11      Following verifications and analysis of data downloaded from the tachograph installed on board that vehicle, it was found, first, that between 5.15 on 17 August 2020 and 19.23 on 18 August 2020, the driver had driven for 15 hours and 56 minutes, exceeding by 5 hours and 56 minutes the maximum daily driving time of 10 hours provided for in Article 6(1) of Regulation No 561/2006. During that period of time, the driver had taken 6 hours and 48 minutes in rest periods, whereas, according to Article 4(g) of that regulation, he should have taken a daily rest period of at least 9 hours. For that infringement, Pricoforest was fined 9 000 Romanian lei (RON) (approximately EUR 1 800) or RON 4 500 (approximately EUR 900) if payment was made within 15 days.

12      The ISCTR agents also found that, on 25 August 2020, between 00.54 and 4.24, the driver of that vehicle had taken a rest period of 3 hours and 30 minutes, whereas, according to Article 8(2) of that regulation, that rest period should have been at least 9 hours in length. In respect of that infringement, Pricoforest was additionally fined RON 4 000 (approximately EUR 800) or RON 2 000 (approximately EUR 400) if payment was made within 15 days.

13      On 25 September 2020, that undertaking brought an action before the referring court asking that the report of the offence be annulled or, in the alternative, that the fines imposed be substituted for a warning. Without disputing the data downloaded from the tachograph of the vehicle that was the subject of the inspection, Pricoforest contends that the time recorded relates to the carrying of goods by a vehicle covered by Article 13(1)(b) of Regulation No 561/2006 and that, under Government Decree No 37 of 7 August 2007, such carrying is exempt from the rules on driving times, breaks and rest periods laid down by that regulation. Moreover, Pricoforest claims that the official who reported the offence incorrectly equated the notion of ‘a radius of up to 100 km from the base of the undertaking’, within the meaning of that provision, with the distance by road between the location in which its base is situated and that in which the vehicle was inspected.

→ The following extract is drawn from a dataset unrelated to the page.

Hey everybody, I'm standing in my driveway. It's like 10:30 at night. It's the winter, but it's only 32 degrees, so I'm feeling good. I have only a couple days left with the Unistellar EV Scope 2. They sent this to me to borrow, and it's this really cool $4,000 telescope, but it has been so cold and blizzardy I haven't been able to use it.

14      The ISCTR, for its part, submits that the exception provided for in Article 13(1)(b) of Regulation No 561/2006 covers only the carrying of goods within a radius of up to 100 km from the base of the undertaking concerned. Since the inspection at issue in the main proceedings was carried out approximately 130 km from Pricoforest’s base, the vehicle subject to that inspection was no longer covered by that exception and, therefore, the rules relating to driving times, breaks and rest periods laid down by that regulation are applicable to it.

15      In that context, the referring court is uncertain, in the first place, how to interpret the notion of ‘a radius of up to 100 km from the base of the undertaking’ within the meaning of Article 13(1)(b) of Regulation No 561/2006. While accepting that the term ‘radius’ corresponds to a straight line drawn on a map from the centre of the circle within which an action is carried out, that court nevertheless takes the view that the objectives pursued by that regulation, consisting of improving both the social conditions of the employees who are covered by it and road safety, would not be attained if, within such a circle, transport operations carried out over a greater distance were exempt from the application of the rules relating to driving times, breaks and rest periods laid down by that regulation.

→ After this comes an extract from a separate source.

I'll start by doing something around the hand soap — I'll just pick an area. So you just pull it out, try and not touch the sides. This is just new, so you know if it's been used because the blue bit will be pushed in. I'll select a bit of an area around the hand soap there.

16      In the second place, that court raises the question whether, where a vehicle covered by Article 13(1)(b) of Regulation No 561/2006 habitually carries goods not only within a radius of up to 100 km from the base of the undertaking concerned but also outside of that radius, that provision must be interpreted as meaning that all carriage or, at least, carriage not exceeding that radius of 100 km is exempt from the application of the rules referred to in the preceding paragraph, or whether no such carriage is exempt from the application of those rules.

17      In that regard, the referring court adds that the application of the rules in question solely to the carriage of goods outside of a radius of 100 km from the base of the undertaking concerned makes it impossible to verify the weekly rest periods defined by that regulation. It also observes that an interpretation of Article 13(1)(b) of Regulation No 561/2006 to the effect that all carriage by the vehicle inspected, including carriage outside of that 100 km radius, is exempt from the application of that regulation would mean that, in the case in the main proceedings, Pricoforest did not commit the offences of which it is accused.

18      In those circumstances, the Judecătoria Miercurea Ciuc (Court of First Instance, Miercurea-Ciuc, Romania) decided to stay the proceedings and to refer the following questions to the Court of Justice for a preliminary ruling:

‘(1)      Is the concept of “radius of up to 100 km” referred to in Article 13(1)(b) of Regulation No 561/2006 to be interpreted as meaning that a straight line drawn on the map between the base of the undertaking and the destination must be less than 100 km or as meaning that the distance actually travelled by the vehicle must be less than 100 km?

(2)      Are the provisions of Article 13(1)(b) of Regulation No 561/2006 to be interpreted as meaning that the carrying out of transport operations within the scope of that provision, some of which remain within a radius of 100 km from the base of the undertaking and others of which exceed that radius, in a period of one month, in the context of the exemption of the situation referred to in Article 13(1)(b) of Regulation No 561/2006 from application of that regulation pursuant to a provision of national law, results in the exemption of all relevant transport operations from application of the regulation, or only those which [do not] … exceed the radius of 100 km or none of them?’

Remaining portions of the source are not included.